Port-au-Prince, 4 févr. 05 [AlterPresse] --- La Société Interaméricaine de Presse (SIP) a organisé ce 3 février à Port-au-Prince un forum d’« urgence » sur la liberté de presse en Haïti, avec la participation de journalistes haïtiens et étrangers.

La rencontre, a laquelle prenait part plusieurs dizaines de personnes, dont des journalistes, a été motivée par la « préoccupation » de la SIP sur la situation de la liberté de la presse en Haïti. Mais, la notion d’« urgence » ainsi que la vision générale de la situation de la liberté de la presse en Haïti aujourd’hui, a divisé les divers intervenants au forum.

« Les autorités ne s’intéressent pas à la protection du droit des journalistes »

Selon Sergio Munoz, Editeur du quotidien américain Los Angeles Times et Président de la Commission Chapultepec de la SIP, les violations contre les médias et les journalistes se poursuivent sans relâche en Haïti.

Munoz, qui dirigeait les débats, a souligné « les violences des dernières semaines » contre 2 journalistes du quotidien haïtien Le Nouvelliste, agressés le 14 janvier dans le quartier chaud de Belair (centre de la capital), et le cas d’Abdias Jean, un journaliste de 25 ans, abattu le 14 janvier dans le quartier populaire Cité de Dieu (Ouest de Port-au-Prince). « Les autorités ne s’intéressent pas à la protection du droit des journalistes », a déploré Munoz.

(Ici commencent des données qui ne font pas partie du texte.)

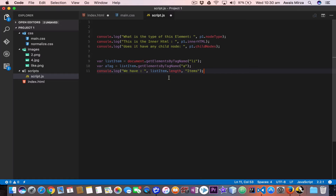Welcome back everybody, this is the next video of the JavaScript Essential Training series. In this video we are going to talk about timers in JavaScript. Timers are a great way to animate your objects, or if you want to give a gap of like 5 or 10 seconds between the page loading and a function firing up. Let me give you a demo here first.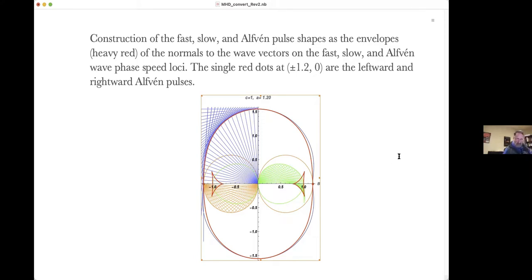Using old-fashioned applied mathematics, you can construct the group velocity polar diagram from the phase velocity polar diagram by drawing lines from the origin to the phase locus and making right-angle turns — the envelope of those lines gives the group velocity curve. The fast wave can go in every direction and goes fastest across field lines. The slow wave makes cusps near the field direction. The Alfvén wave is just two dots — it can only carry energy directly along the field.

Le journaliste Don Bohning, ancien correspondant en Amérique latine du quotidien américain The Miami Herald a affirmé que « j’ai l’impression que la presse haïtienne est toujours sous pression politique comme durant les années précédentes ». Evoquant, entre autres, le cas d’Abdias Jean, il a affirmé que « maintenant la situation paraît plus difficile ».

Le Secrétaire Général de l’Association des Journalistes Haïtiens, Guyler Delva, a également soutenu que la situation actuelle représente une « urgence », et, selon lui, « le terme convient mieux aujourd’hui que sous le régime de l’ex président Jean Bertrand Aristide ». Sous Aristide, « tout le monde dénonçait les violations de la liberté de la presse, mais actuellement aucun organisme n’en parle », a dit Delva. Il a demandé au gouvernement « des actions et non des paroles, contre ceux qui ont tué Abdias Jean ou ont agressé les journalistes du Nouvelliste ».

« La période d’urgence c’était plutôt en 2003 »

Max Chauvet, éditeur du Nouvelliste et dirigeant de l’Association Nationale des Médias Haïtiens (ANMH), a exprimé des réserves sur la notion d’« urgence » employé par la SIP dans le cadre de ce forum. « La période d’urgence c’était plutôt en 2003 (sous le régime d’Aristide) et non aujourd’hui », a-t-il indiqué. Il a fait savoir que durant cette époque « il y a eu une politique systématique de violations contre les journalistes et les médias dits indépendants ».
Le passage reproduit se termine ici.